___ DATA PROVIDED

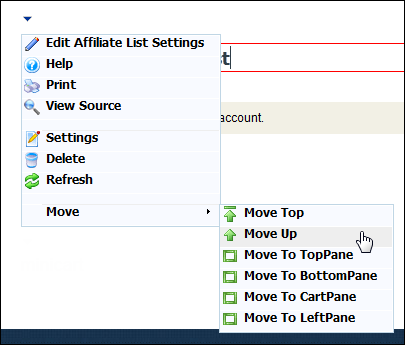 AffiliateListMove.png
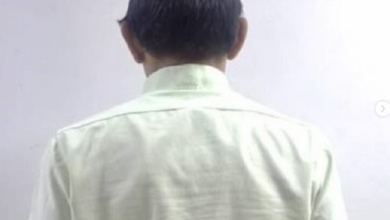 Cicpc detiene a falso médico en Miranda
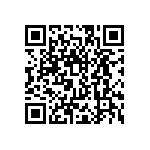 DE21XKY470JA3BM02F QRCode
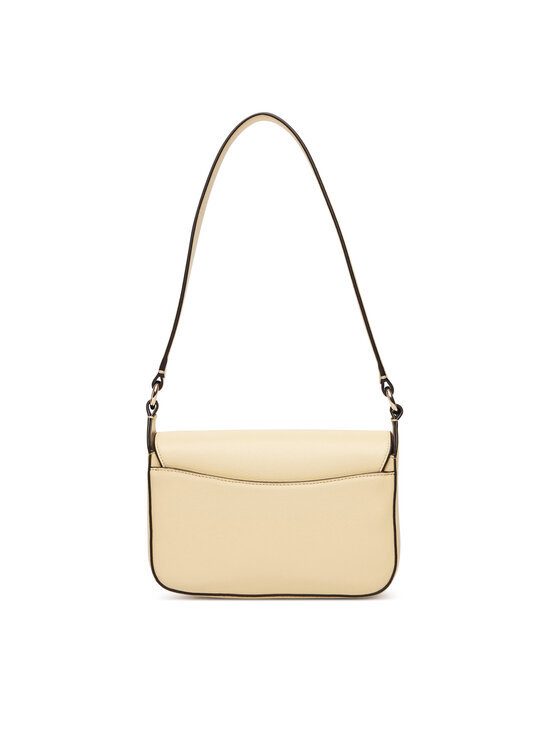 Guess Bolso Guess Ruby HWNG97 40190 Amarillo claro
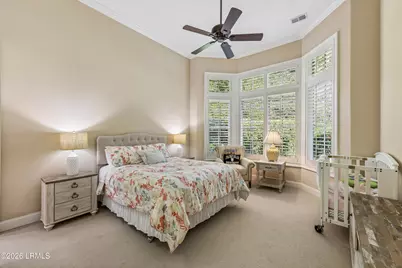 526 Colonial Drive, Hilton Head Island, SC 29926 - Photo 21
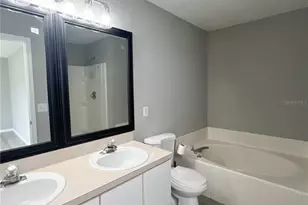 921 Crystal Bay Ln, Orlando, FL 32828 - Photo 27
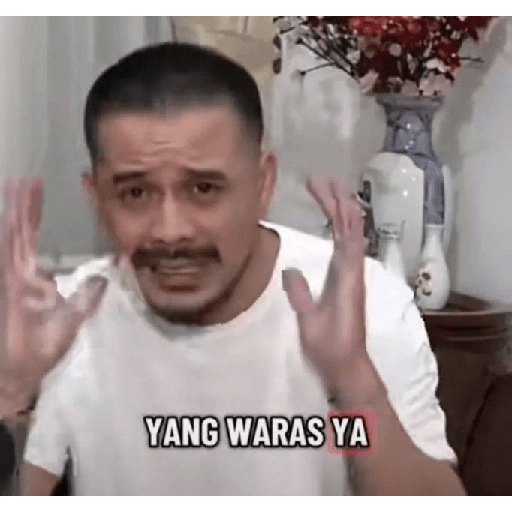 Meme indo 7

______

▶ _WORK TO BE COMPLETED_
In the reply, every line of the material above is to be reproduced verbatim, and the images are to be left out.

▶ _EXERCISE SOLUTION_
 AffiliateListMove.png
 Cicpc detiene a falso médico en Miranda
 DE21XKY470JA3BM02F QRCode
 Guess Bolso Guess Ruby HWNG97 40190 Amarillo claro
 526 Colonial Drive, Hilton Head Island, SC 29926 - Photo 21
 921 Crystal Bay Ln, Orlando, FL 32828 - Photo 27
 Meme indo 7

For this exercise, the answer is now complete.